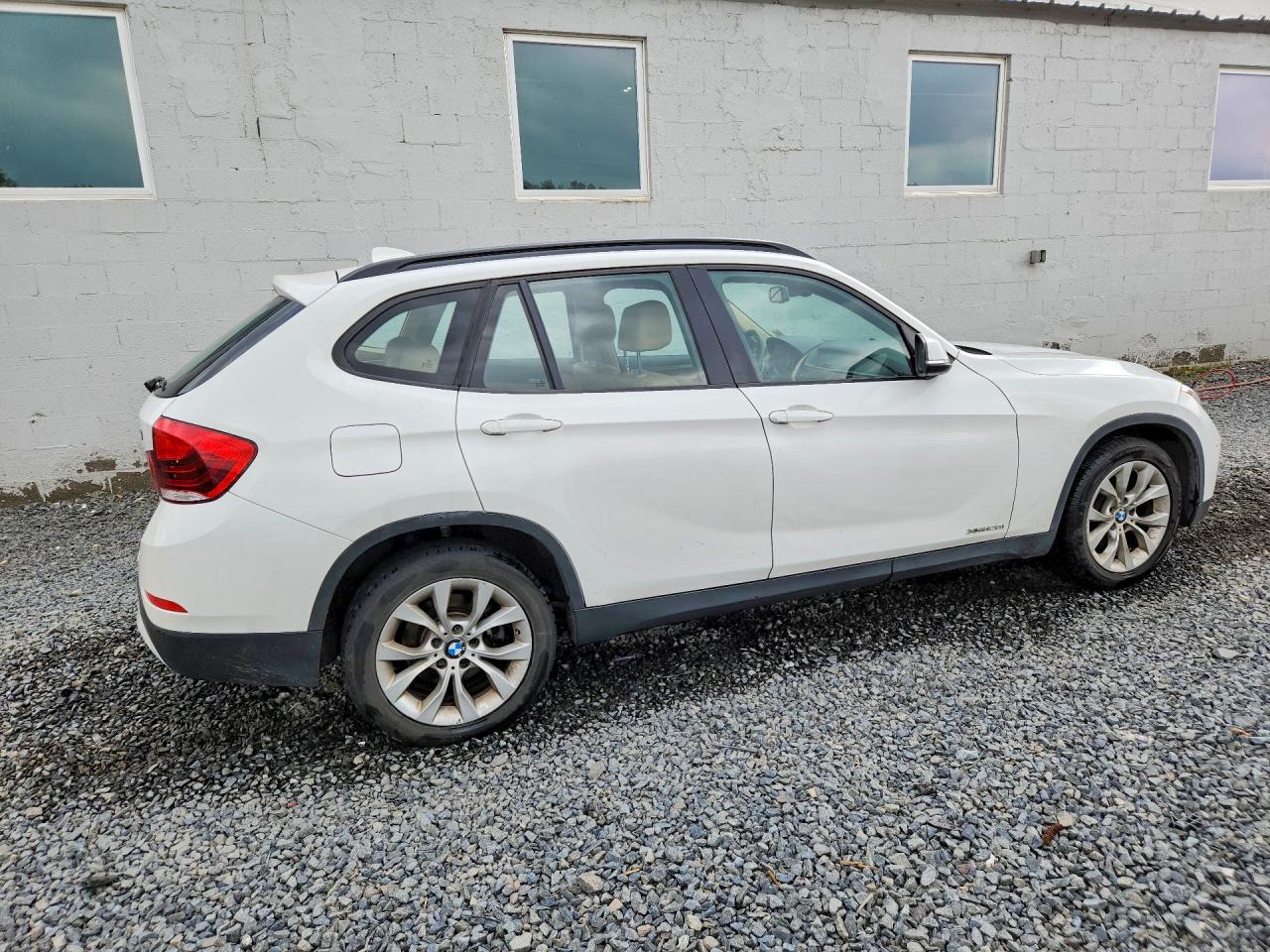 2013 Bmw X1 Xdrive28i White vin: WBAVL1C59DVR82594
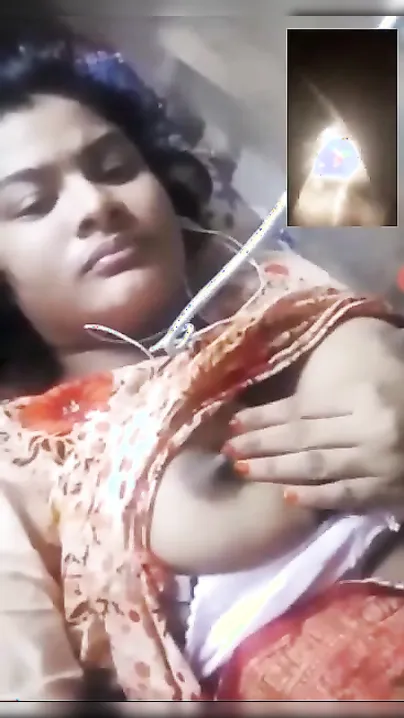 Video of XXX teen Desi who shows off boobs and pussy via video link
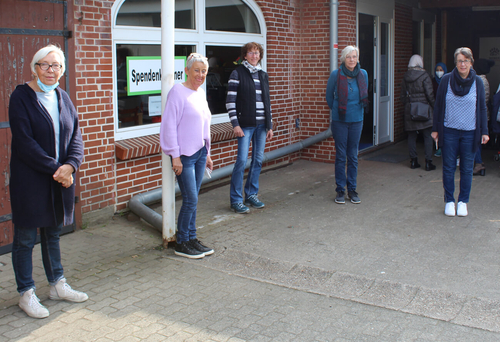 Team von 5 Personen verteilt vor der Spendenkammer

EXERCISE OBJECTIVE -
The whole listing is to be duplicated verbatim, apart from its images.

ANSWER TO THE PROBLEM -
 2013 Bmw X1 Xdrive28i White vin: WBAVL1C59DVR82594
 Video of XXX teen Desi who shows off boobs and pussy via video link
 Team von 5 Personen verteilt vor der Spendenkammer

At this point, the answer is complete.